Search the data for lines holding the word "view". State how many there are, and nothing else.

___ Extracted records ___

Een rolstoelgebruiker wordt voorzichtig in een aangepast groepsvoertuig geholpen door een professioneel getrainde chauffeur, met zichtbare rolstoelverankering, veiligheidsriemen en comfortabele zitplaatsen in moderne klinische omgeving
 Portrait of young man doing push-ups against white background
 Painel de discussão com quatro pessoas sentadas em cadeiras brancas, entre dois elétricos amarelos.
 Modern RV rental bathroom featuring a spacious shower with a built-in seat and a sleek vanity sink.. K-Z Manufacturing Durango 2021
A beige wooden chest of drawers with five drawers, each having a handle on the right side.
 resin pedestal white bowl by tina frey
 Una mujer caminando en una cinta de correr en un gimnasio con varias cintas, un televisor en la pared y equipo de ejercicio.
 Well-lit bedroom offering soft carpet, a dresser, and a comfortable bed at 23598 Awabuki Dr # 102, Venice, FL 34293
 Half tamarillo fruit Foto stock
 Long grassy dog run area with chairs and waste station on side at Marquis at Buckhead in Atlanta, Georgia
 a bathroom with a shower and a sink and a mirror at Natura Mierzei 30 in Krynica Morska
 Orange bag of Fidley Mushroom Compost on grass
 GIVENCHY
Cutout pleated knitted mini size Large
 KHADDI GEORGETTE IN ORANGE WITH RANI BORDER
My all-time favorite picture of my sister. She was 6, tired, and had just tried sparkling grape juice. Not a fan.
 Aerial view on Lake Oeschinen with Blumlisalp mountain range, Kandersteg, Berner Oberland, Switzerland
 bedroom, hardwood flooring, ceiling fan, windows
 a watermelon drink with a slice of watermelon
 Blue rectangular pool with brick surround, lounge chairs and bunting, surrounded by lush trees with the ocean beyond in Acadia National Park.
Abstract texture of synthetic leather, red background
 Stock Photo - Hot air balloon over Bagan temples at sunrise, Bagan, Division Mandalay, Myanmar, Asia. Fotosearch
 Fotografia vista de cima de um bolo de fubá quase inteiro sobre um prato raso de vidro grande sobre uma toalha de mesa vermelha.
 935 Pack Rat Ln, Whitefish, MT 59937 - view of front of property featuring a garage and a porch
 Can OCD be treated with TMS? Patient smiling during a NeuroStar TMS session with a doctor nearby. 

___

• [Solution below]: 2